(Excerpts from a dataset)
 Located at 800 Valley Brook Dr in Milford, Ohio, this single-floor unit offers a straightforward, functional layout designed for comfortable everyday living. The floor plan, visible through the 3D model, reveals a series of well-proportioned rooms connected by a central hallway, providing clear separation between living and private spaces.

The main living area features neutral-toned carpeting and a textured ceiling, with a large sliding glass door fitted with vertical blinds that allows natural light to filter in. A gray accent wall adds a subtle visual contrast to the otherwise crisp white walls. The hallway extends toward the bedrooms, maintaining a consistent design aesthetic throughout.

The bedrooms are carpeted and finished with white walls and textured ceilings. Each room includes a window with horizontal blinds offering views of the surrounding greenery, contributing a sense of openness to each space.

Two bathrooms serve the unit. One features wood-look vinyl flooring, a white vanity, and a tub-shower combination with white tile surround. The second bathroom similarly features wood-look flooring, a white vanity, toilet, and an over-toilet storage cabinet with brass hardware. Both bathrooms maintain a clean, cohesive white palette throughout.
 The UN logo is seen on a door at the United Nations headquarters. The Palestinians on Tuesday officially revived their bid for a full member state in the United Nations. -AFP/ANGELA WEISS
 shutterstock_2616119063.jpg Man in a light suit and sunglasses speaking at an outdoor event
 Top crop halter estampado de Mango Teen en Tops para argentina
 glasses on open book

--

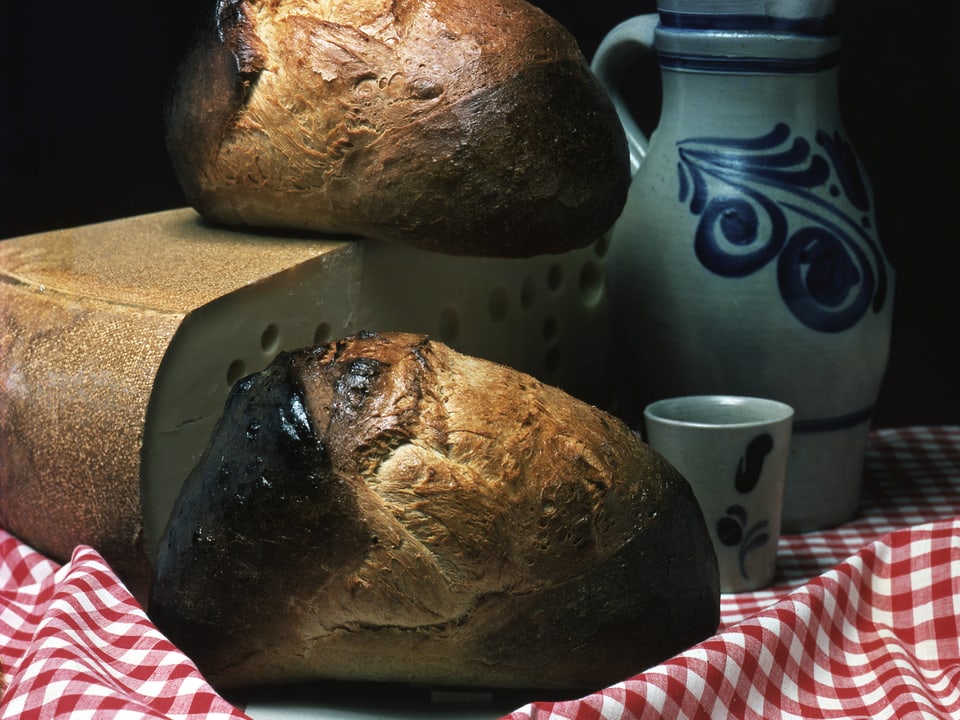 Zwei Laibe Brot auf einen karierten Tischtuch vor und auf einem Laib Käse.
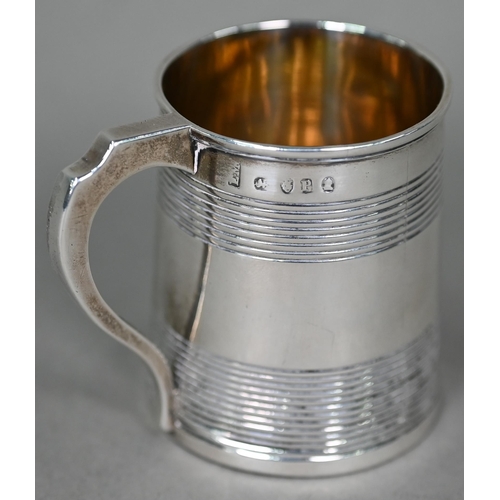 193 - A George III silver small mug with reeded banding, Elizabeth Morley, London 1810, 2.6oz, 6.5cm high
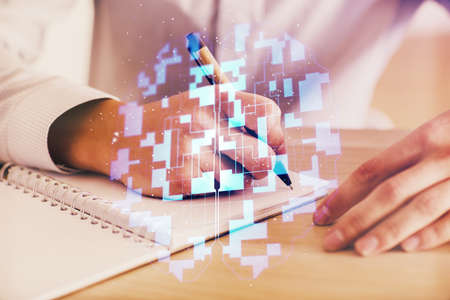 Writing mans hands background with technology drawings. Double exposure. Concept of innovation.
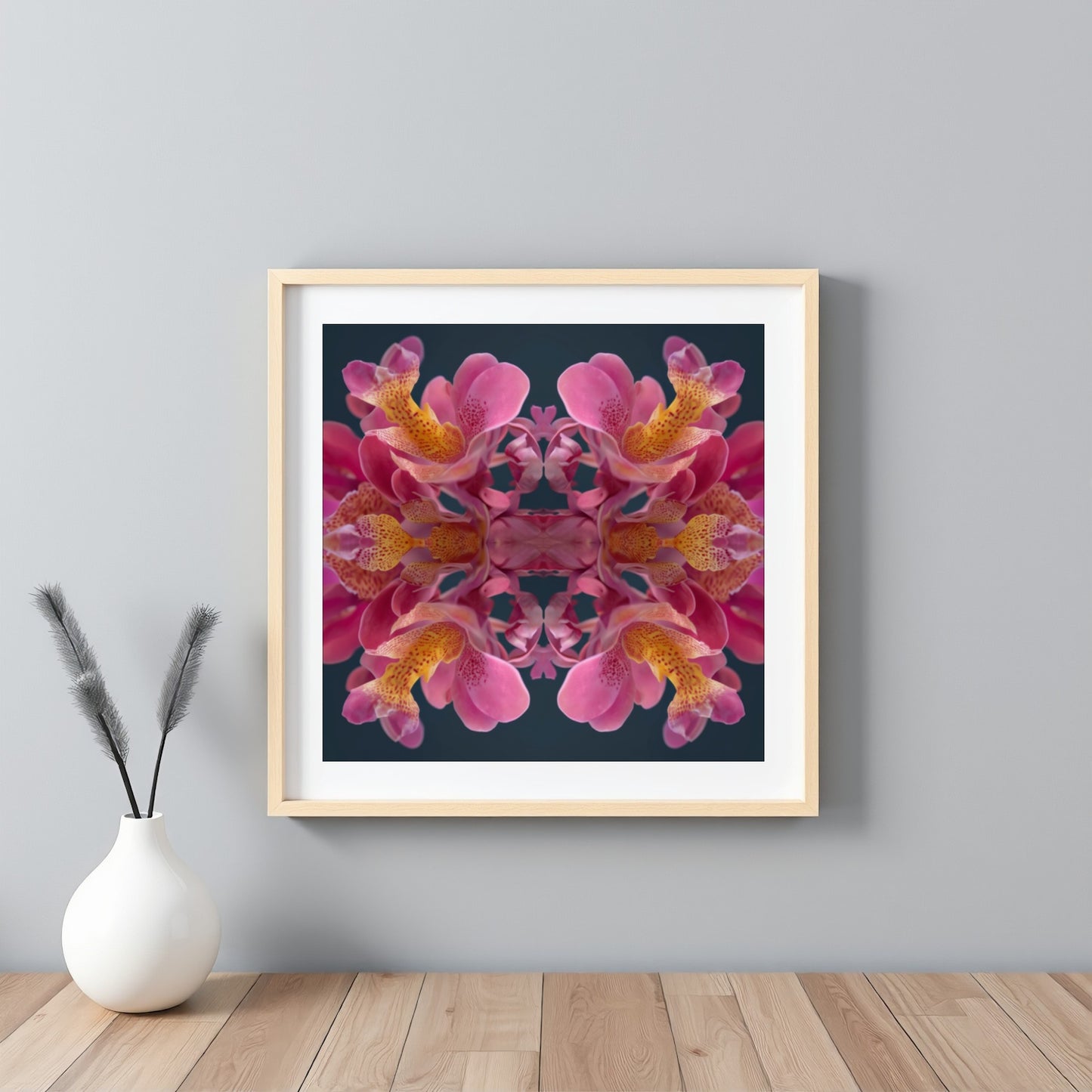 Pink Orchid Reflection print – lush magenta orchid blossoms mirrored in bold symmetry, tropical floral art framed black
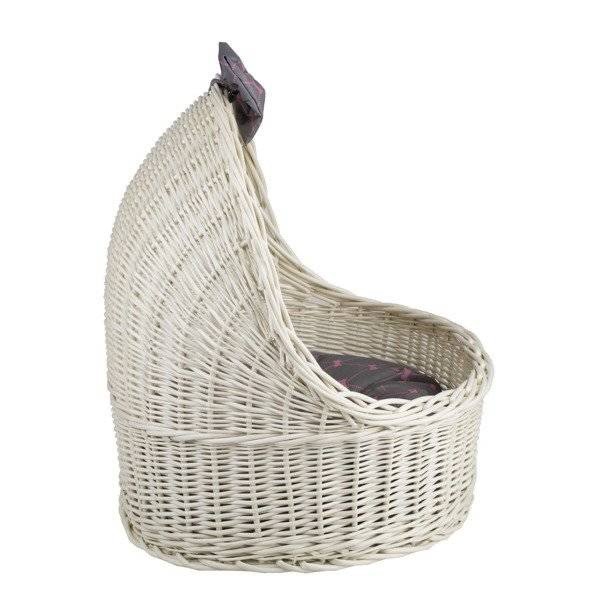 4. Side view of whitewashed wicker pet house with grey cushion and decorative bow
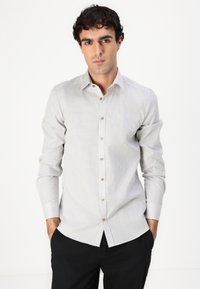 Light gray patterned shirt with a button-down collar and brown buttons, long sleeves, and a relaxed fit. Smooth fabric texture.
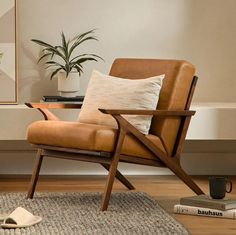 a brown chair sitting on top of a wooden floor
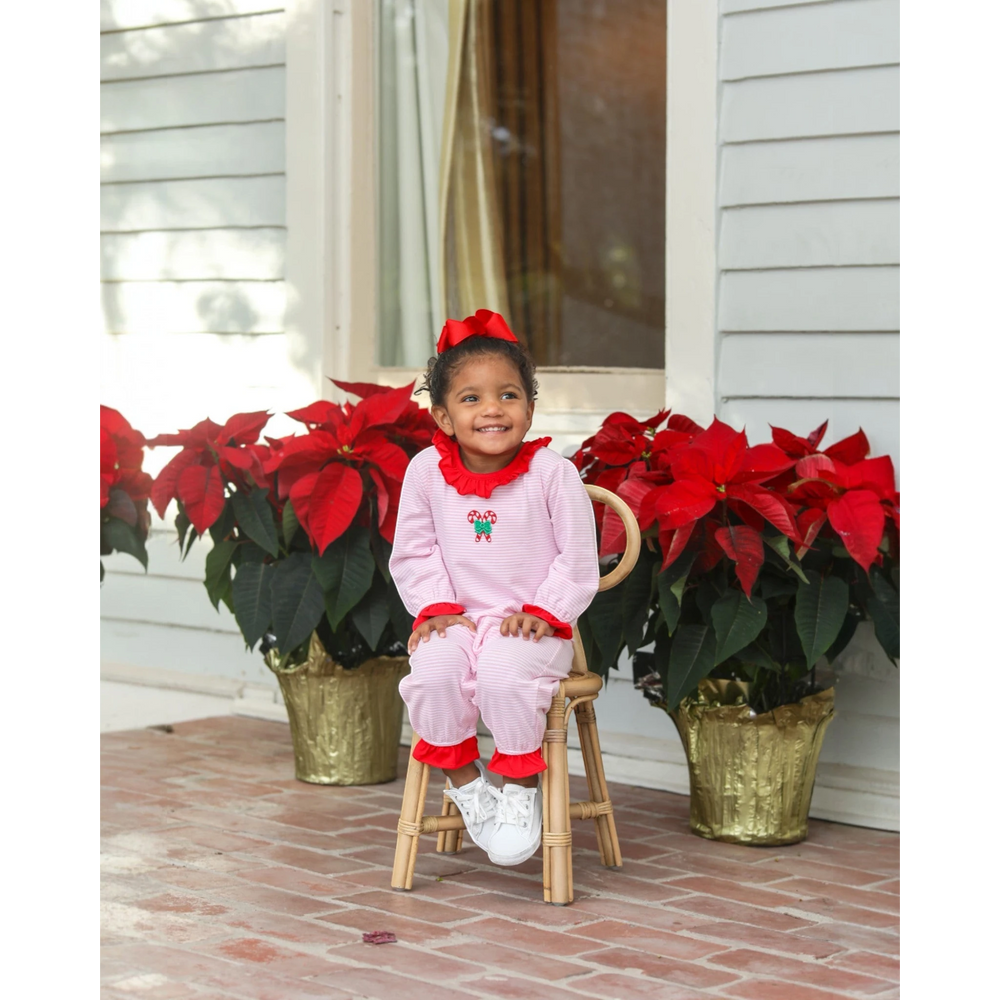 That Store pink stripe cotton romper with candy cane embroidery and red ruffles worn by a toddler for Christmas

# ACTIVITY
Track down every line in the entries that includes the string "features", and copy it.

# EXPECTED ANSWER
The main living area features neutral-toned carpeting and a textured ceiling, with a large sliding glass door fitted with vertical blinds that allows natural light to filter in. A gray accent wall adds a subtle visual contrast to the otherwise crisp white walls. The hallway extends toward the bedrooms, maintaining a consistent design aesthetic throughout.
Two bathrooms serve the unit. One features wood-look vinyl flooring, a white vanity, and a tub-shower combination with white tile surround. The second bathroom similarly features wood-look flooring, a white vanity, toilet, and an over-toilet storage cabinet with brass hardware. Both bathrooms maintain a clean, cohesive white palette throughout.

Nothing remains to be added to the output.